Avec la nouvelle loi déposée par des députés pour l’essentiel socialistes mais avec quelques députés de la majorité, il n’est pas inutile de se pencher sur les promoteurs de  l’euthanasie et leurs motivations profondes. Ce qui est en question en effet, et ce dont ne parlent pas les médias, c’est la volonté des promoteurs de l’euthanasie de renverser « le principe même du caractère sacré de la vie, dont l’essence est superstitieuse et la démarche fétichiste » selon Pierre SIMON, ancien Grand Maître de la Grande Loge de France , co-fondateur du Mouvement français pour le Planning Familial et de l’Association pour le Droit à mourir dans la Dignité.

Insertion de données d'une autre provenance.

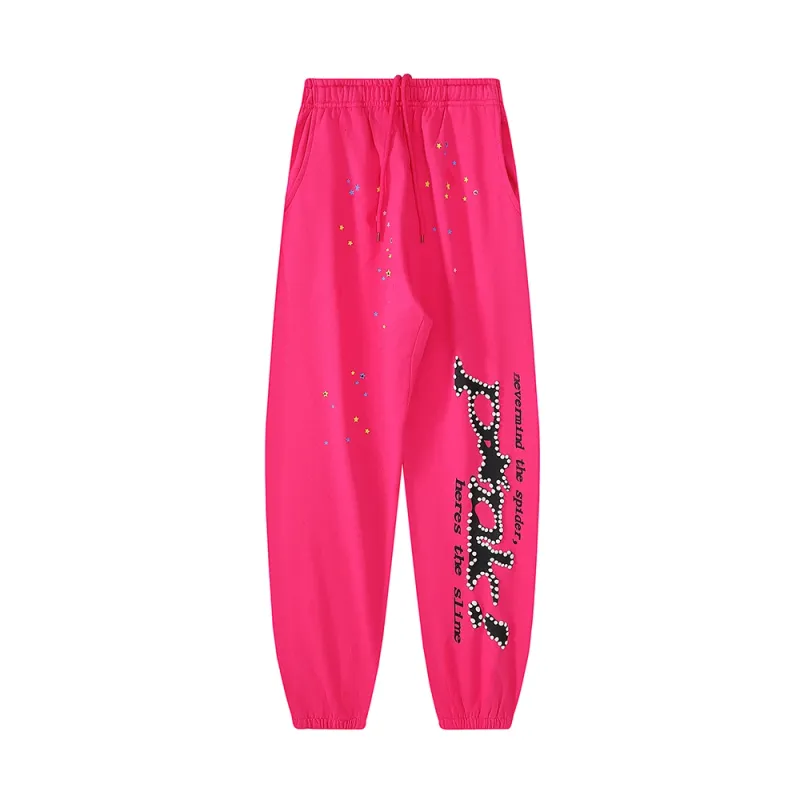 Sp5der P*NK V2 Sweatpan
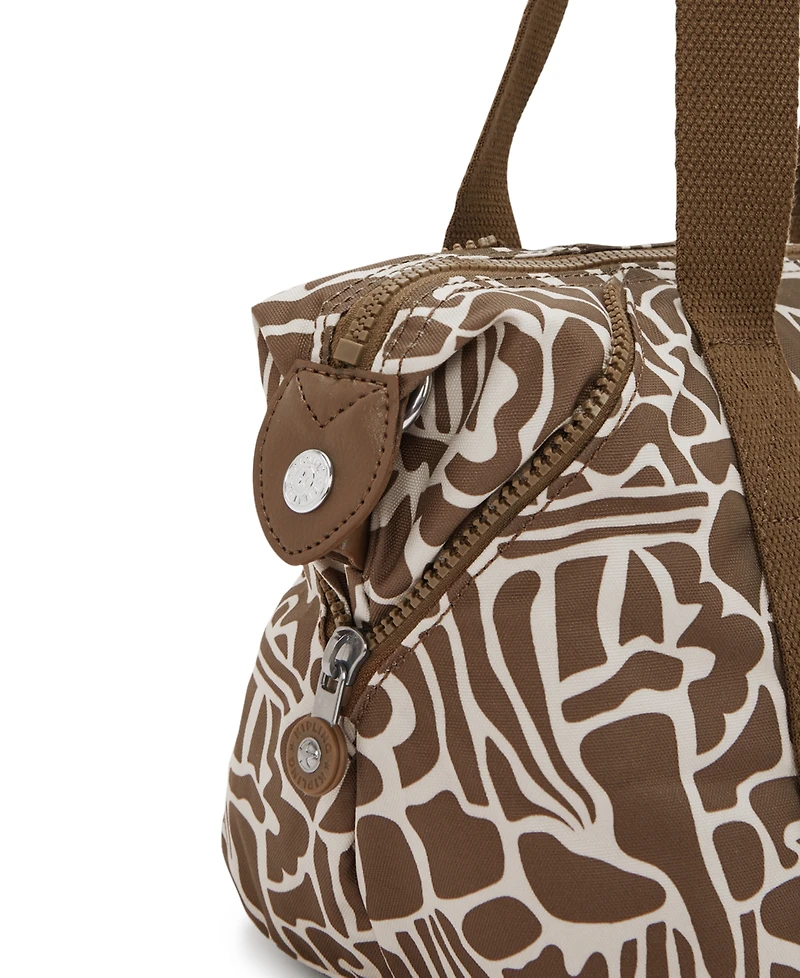 Kipling Art Large Printed Shoulder Bag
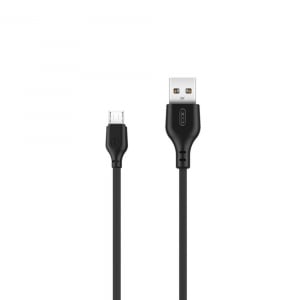 XO NB103 USB-A - Micro USB kábel 1m fekete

La FRANC MACONNERIE, FER DE LANCE DE L’EUTHANASIE.

Avec la laïcité, l’avortement et la reconnaissance de l’homosexualité et de l’homoparentalité, la franc-maçonnerie fait depuis de nombreuses années de la libéralisation de l’euthanasie un de ses objectifs. L’ordre naturel voulu par Dieu étant pour la franc-maçonnerie une démission de l’homme qui s’abaisse indûment devant le créateur, il faut que la société s’en libère en toute chose, de l’accueil de la vie à la mort.

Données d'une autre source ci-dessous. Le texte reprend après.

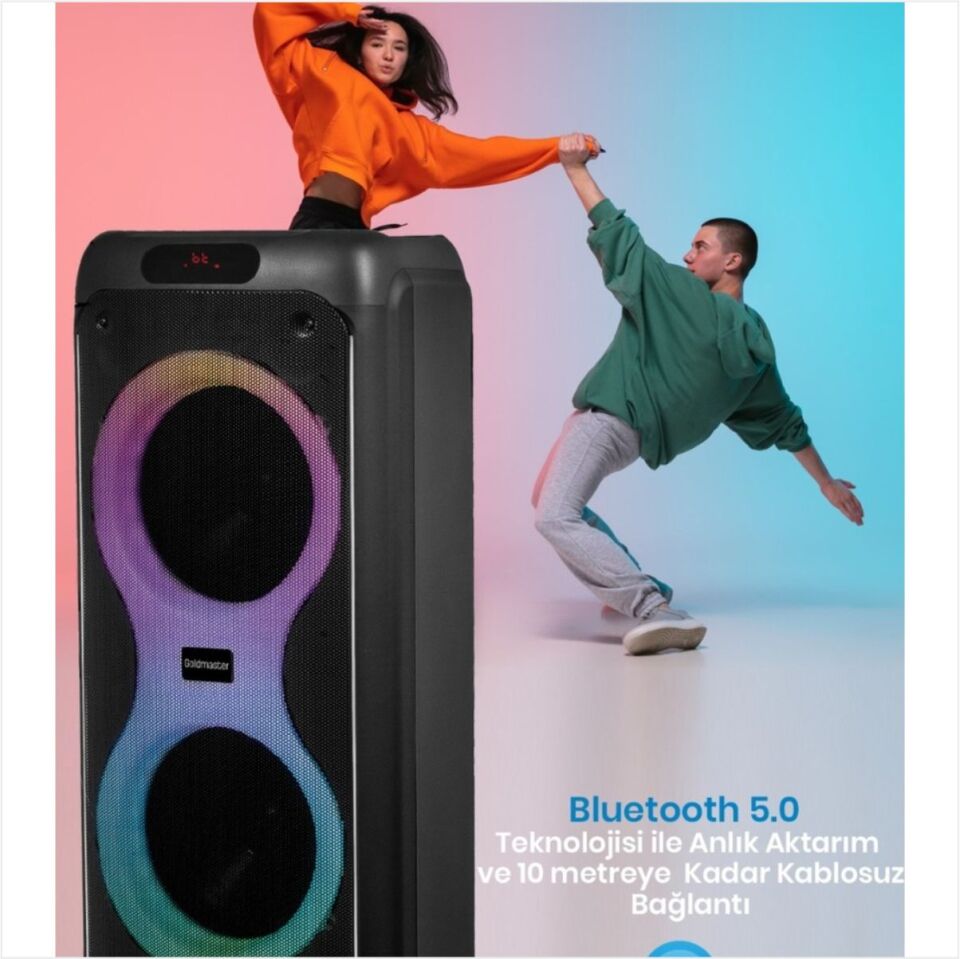 GOLDMASTER NEON X320 DJ BOX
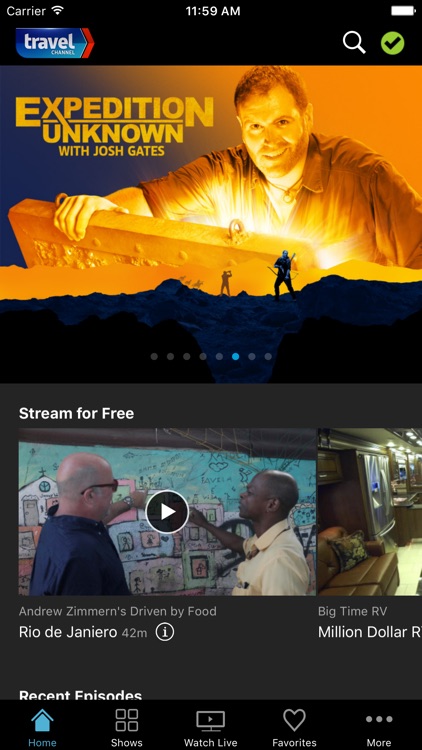 Watch Travel Channel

L’ancien Grand Maître de la Grande Loge de France, le gynécologue obstréticien Pierre Simon a ainsi écrit dans «  De la vie avant toute chose » : «  L’euthanasie procède d’une démarche qui ne s’admet pas sans heurt. Les solutions que nous fournit la morale traditionnelle ne peuvent pourtant plus nous contenter. Elles reposent sur une sacralisation du principe de vie, dont l’essence est superstitieuse et la démarche fétichiste.(…) L’interdit qui pèse sur l »euthanasie, c’est en fait l’une des manifestations en Occident, du tabou qui pèse sur la mort, une des manières de la refuser. Pis, de la nier »

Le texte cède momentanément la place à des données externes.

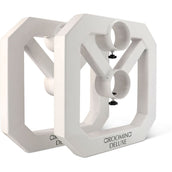 Kentucky Horsewear Bloques cavaletti Set de 2 Blanco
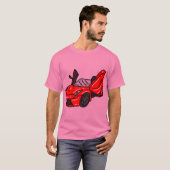 レッドメンズ Tシャツ (正面フル)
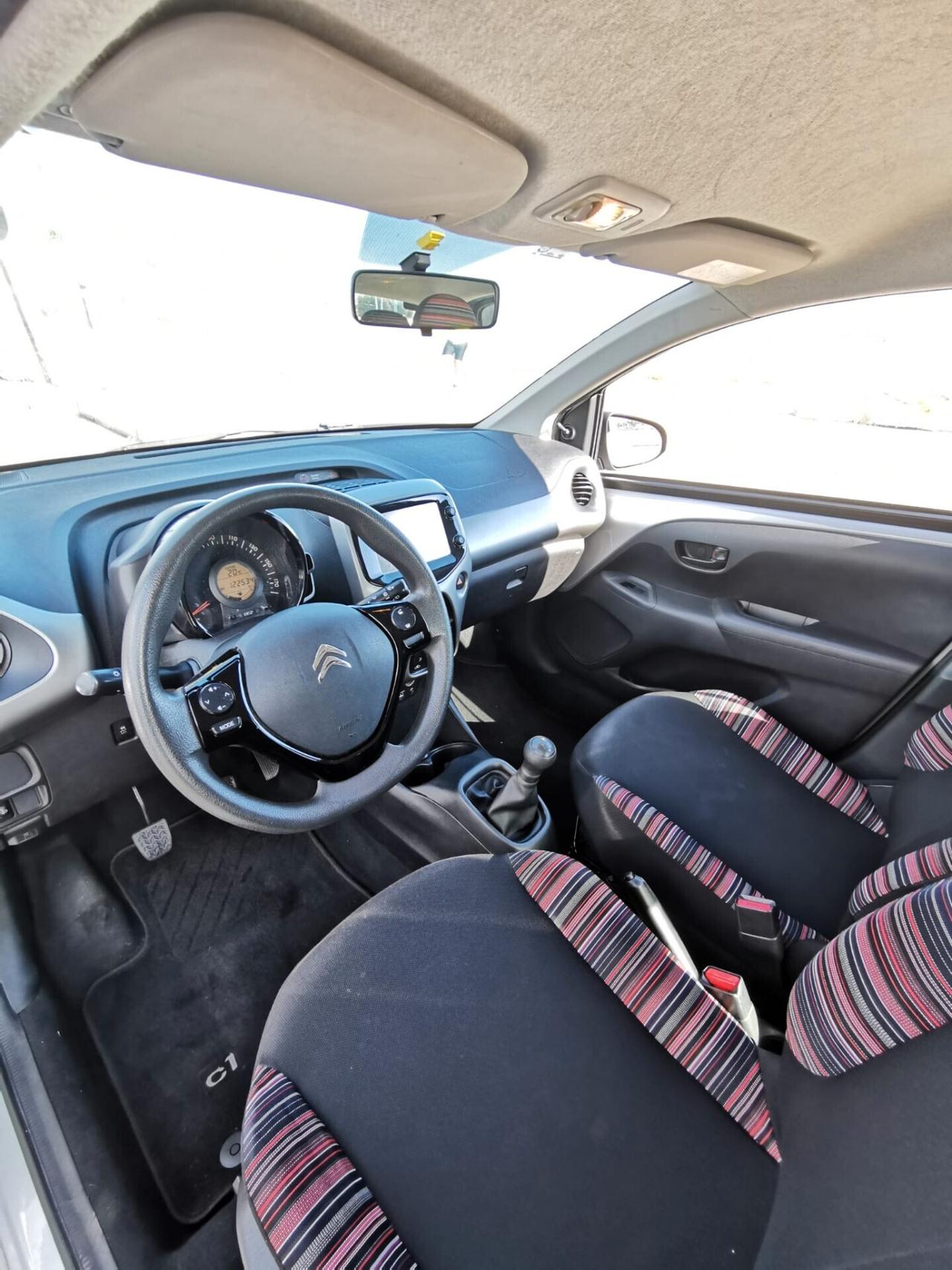 Citroen C1 VTi 68 5 porte Feel - 2015
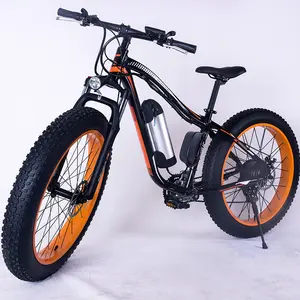 Klaar Voor Verzending 26 4 0 Fat Tire Elektrische Mountainbike Max Promax Motor Muur Frame Power Batterij Koppel Tijd fun Opladen Hub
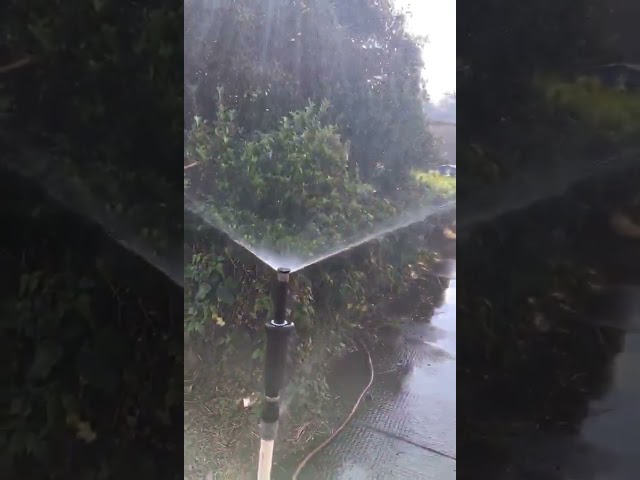 Adjustable Irrigation Pop Up Sprinklers Garden Landscape 0-360 Degree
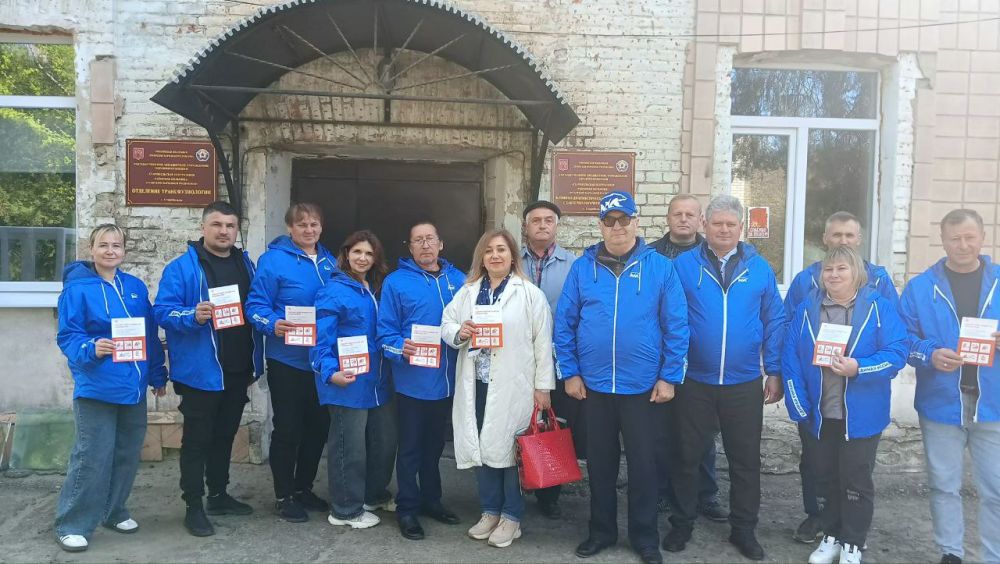 Жители Меловского м.о. стали участниками донорской акции «Zа наших»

Henri CAILLAVET , autre franc-maçon initié au Grand orient ( GODF) en 1935, ancien président de la fraternelle des parlementaires et co-fondateur de l’ADMD, a déclaré « Il n’y a pas de morale universelle à soubassement divin ; la morale étant essentiellement contingente, elle évolue, elle n’est pas transcendantale. Ce qui est vrai aujourd’hui se révèlera faux demain ». Toutes les transgressions ont pour finalités l’avènement d’un nouvel homme débarrassé de toute espèce de contrainte morale, l’avènement d’une société sans Dieu, Dieu détrôné et l’homme à sa place, ce qui n’est rien d’autre que la nature même du messianisme révolutionnaire.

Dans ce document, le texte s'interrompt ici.